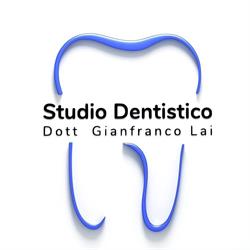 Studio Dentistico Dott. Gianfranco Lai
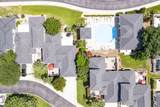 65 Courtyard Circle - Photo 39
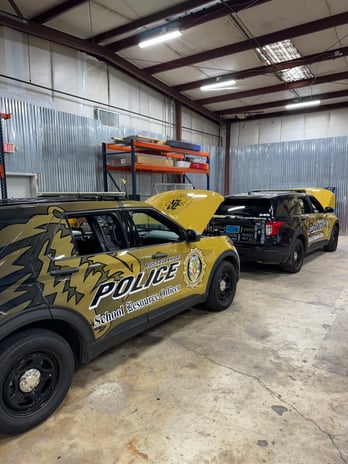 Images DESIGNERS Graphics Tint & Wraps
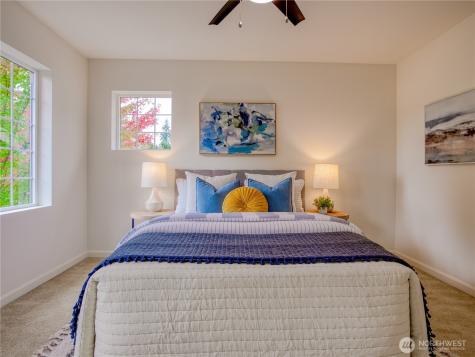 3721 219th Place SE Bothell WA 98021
────────
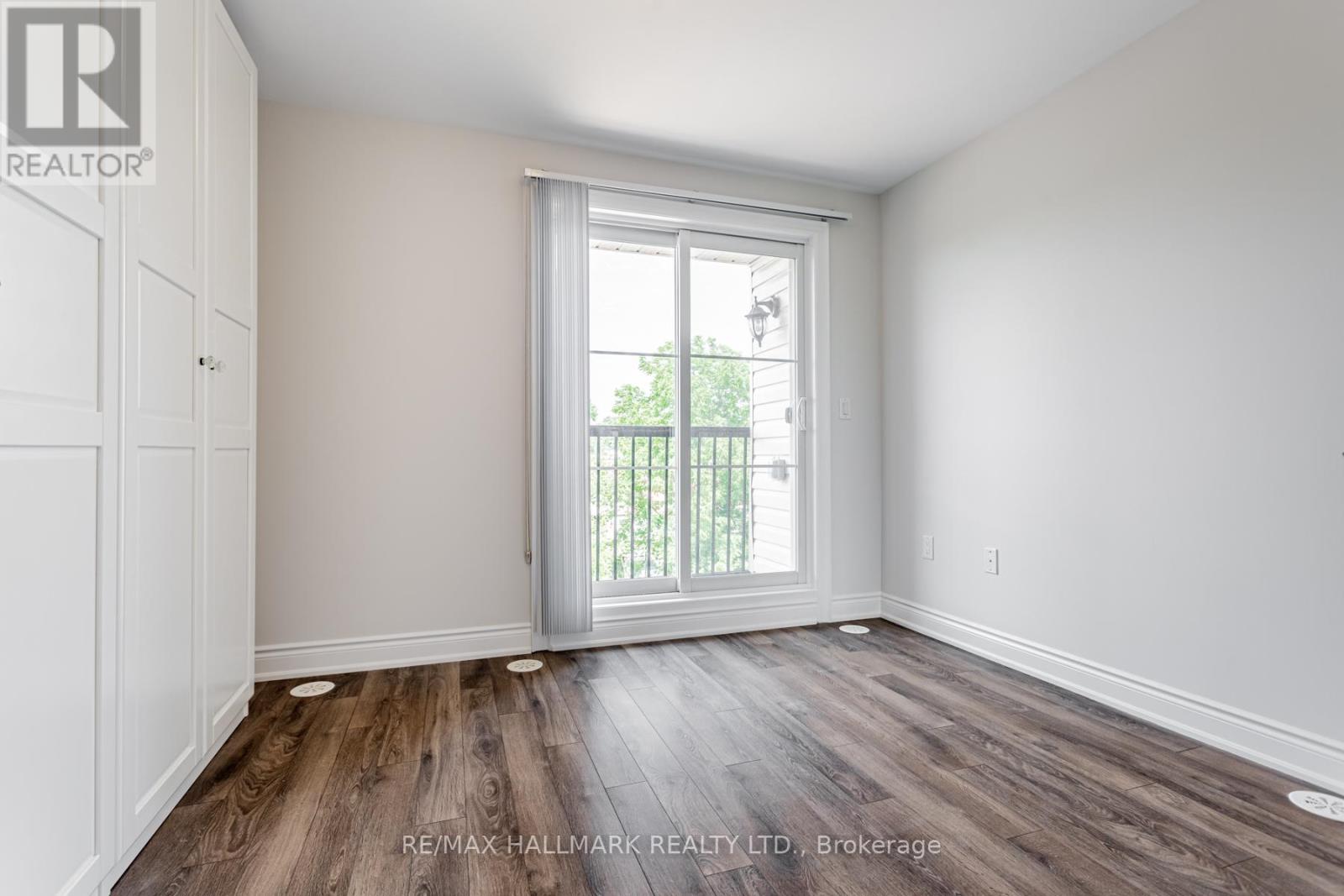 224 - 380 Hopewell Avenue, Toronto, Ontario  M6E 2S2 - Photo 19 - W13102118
────────
- What you will do -
An exact copy is needed of the stretch above that opens with the line containing "Images DESIGNERS Graphics Tint & Wraps" and closes with the line containing "3721 219th Place SE Bothell WA 98021"; the pictures are not part of it.

- Reply to the exercise -
 Images DESIGNERS Graphics Tint & Wraps
 3721 219th Place SE Bothell WA 98021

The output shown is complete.